Symbolic Sign: A sign that symbolises an idea that doesn't look like what it is representing but instead is something we have come to associate with. - i.e. a dog representing family, a tie representing professionalism, purple representing royalty, pink representing femininity.



Monday, 7 November 2016

Vocabulary #1

Media Consumption - The recipients of a media text, or the people who are intended to read or watch or play or listen to it. A great deal of media studies work is concerned with the effects a text may have on an audience.

Media Ownership - This is a process whereby progressively fewer individuals or organizations control increasing shares of the mass media.
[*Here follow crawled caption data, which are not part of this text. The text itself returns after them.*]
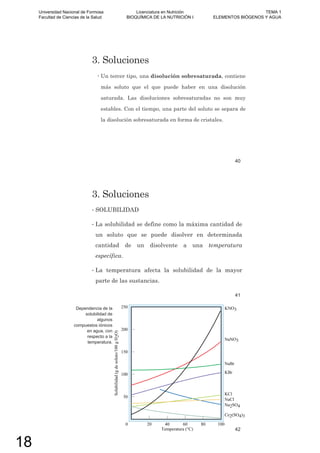 3. Soluciones
Un tercer tipo, una disolución sobresaturada, contiene
más soluto que el que puede haber en una disolución
saturada. Las disoluciones sobresaturadas no son muy
estables. Con el tiempo, una parte del soluto se separa de
la disolución sobresaturada en forma de cristales.
40
3. Soluciones
• SOLUBILIDAD
• La solubilidad se define como la máxima cantidad de
un soluto que se puede disolver en determinada
cantidad de un disolvente a una temperatura
específica.
• La temperatura afecta la solubilidad de la mayor
parte de las sustancias.
41
Dependencia de la
solubilidad de
algunos
compuestos iónicos
en agua, con
respecto a la
temperatura.
42
Universidad Nacional de Formosa
Facultad de Ciencias de la Salud
Licenciatura en Nutrición
BIOQUÍMICA DE LA NUTRICIÓN I
TEMA 1
ELEMENTOS BIÓGENOS Y AGUA
18
 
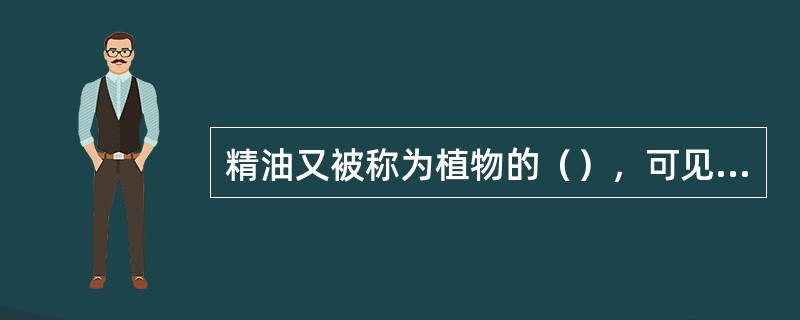 精油又被称为植物的（），可见它是植物内的重要成分。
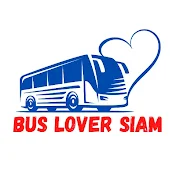 Bus Lover Siam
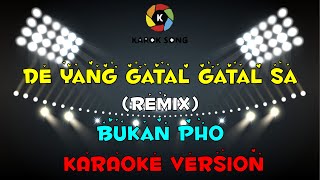 DE YANG GATAL GATAL SA - Bukan PHO (Karaoke Version | Original Remix)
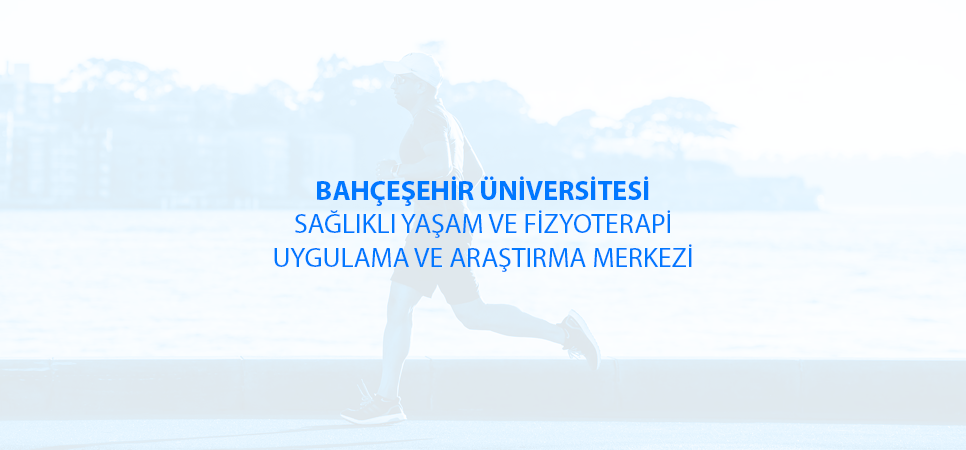 Sağlıklı Yaşam ve Fizyoterapi Uygulama ve Araştırma Merkezi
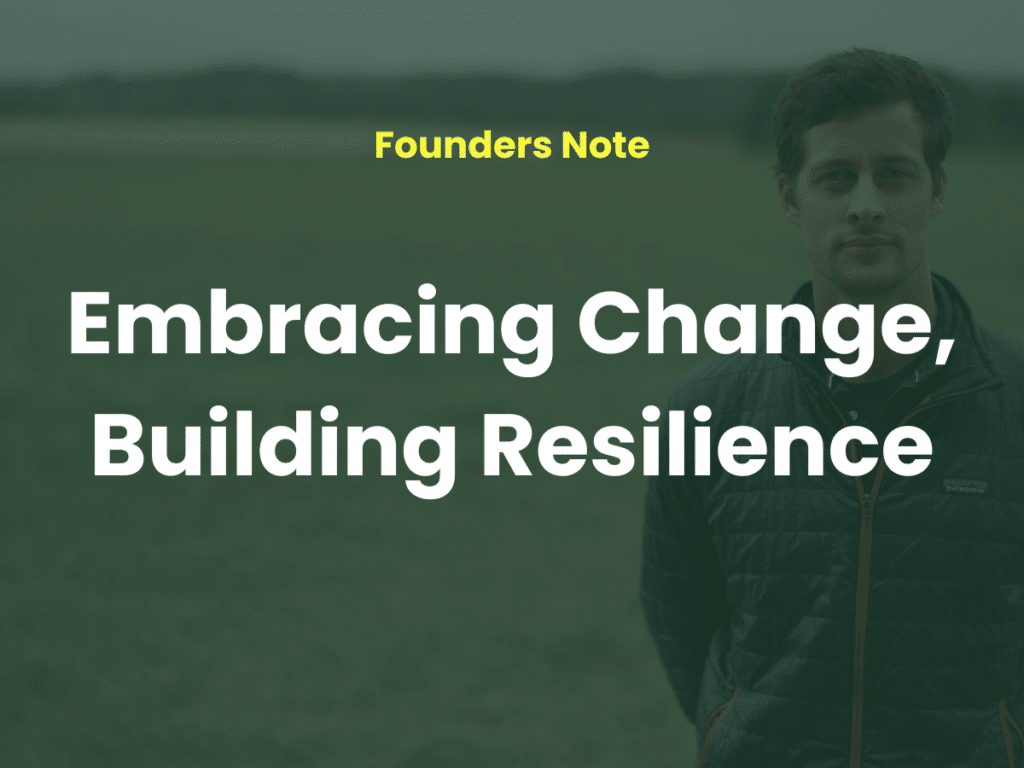 Photo of Tim, Land App founder, with a green overlay. Over this are the words; 'Embracing Change, Building Resilience'.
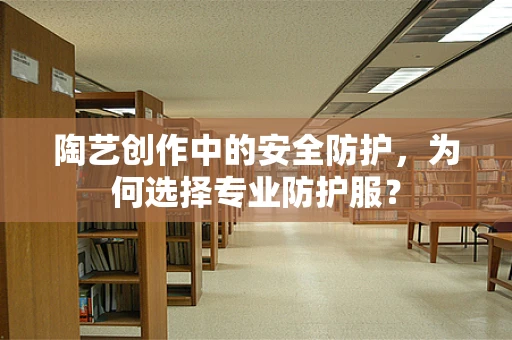 陶艺创作中的安全防护，为何选择专业防护服？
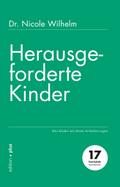 Herausgeforderte Kinder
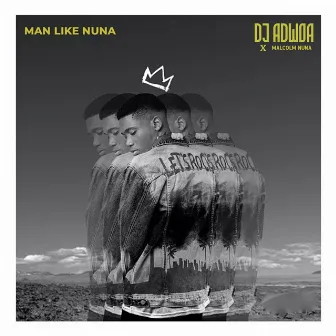 Man Like Nuna by Dj Adwoa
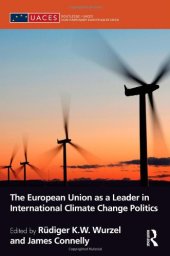 book The European Union as a Leader in International Climate Change Politics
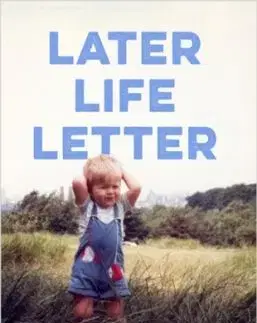 Later Life Letter - Luke Wright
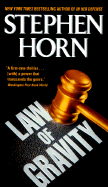 Law of Gravity - Horn, Stephen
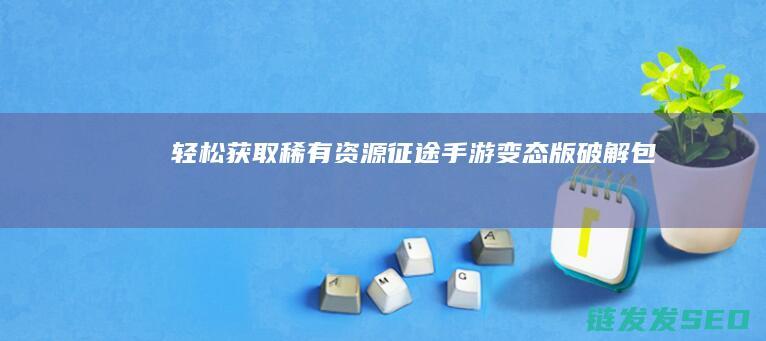 轻松获取稀有资源-征途手游变态版破解包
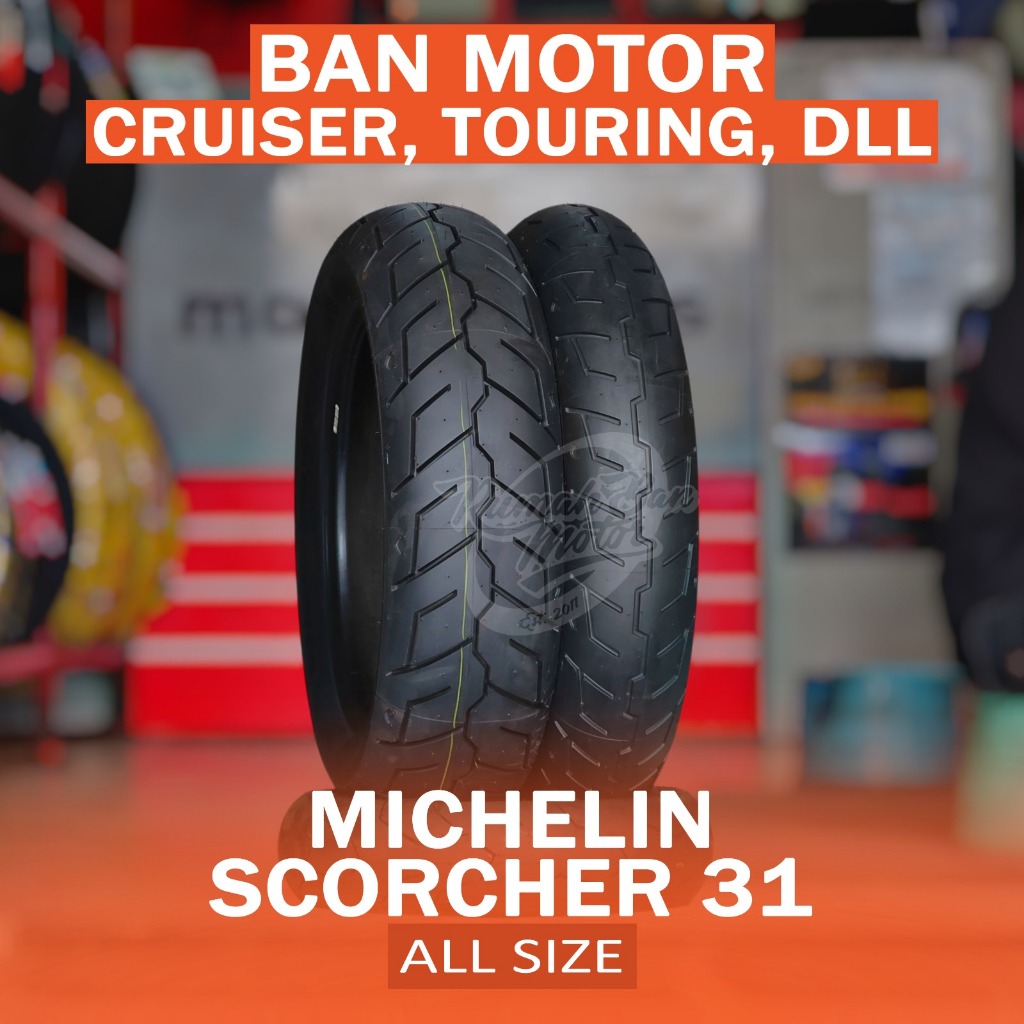 Michelin Scorcher 31 130/90-16 F 130/70-18 180/70-16 150/80-16 180/65-16 130/80-17 100/90-19 110/90-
Audiences - People or market segment at whom an advertising message or campaign is aimed.

National - The nationally distributed or marketed broadcast and print products of a country, e.g. major newspapers and television programming.

Local - Newspapers and radio and TV stations in a small area of the country.

Institution - A formal organization (with its own set of rules and behaviours) that creates and distributes media texts

International - Advertising media that cover several countries and can be used to reach audiences in them.

Global - This is when certain Tv programs for examle are translated into a different language so that people can watch it in another country.

Global Institution - An organization or company, publicly or privatly owned that produces and/or distributes media products.

Hardware - The different types of data storage options.

Content - Is the information and experience(s) directed towards an end-user or audience.

Convergence - The way in which technologies and institutions come together in order to create something new. Cinema is the result of the convergence of photography, moving pictures (the kinetoscope, zoetrope etc), and sound. The iPad represents the convergence of books, TV, maps, the internet and the mobile phone.

Cross Media Convergence - Is where a media product is promoted across other media platforms.

Technological Convergence - Technological convergence is the tendency for different technological systems to evolve towards performing similar tasks.

Synergy - The relationship between different media products in which one is used to improve the exposure of another.

Proliferation -  The increase of films in a genre or the use of technology.

Issues - Those ideas that are the source of controversy and debate in a society at any given time.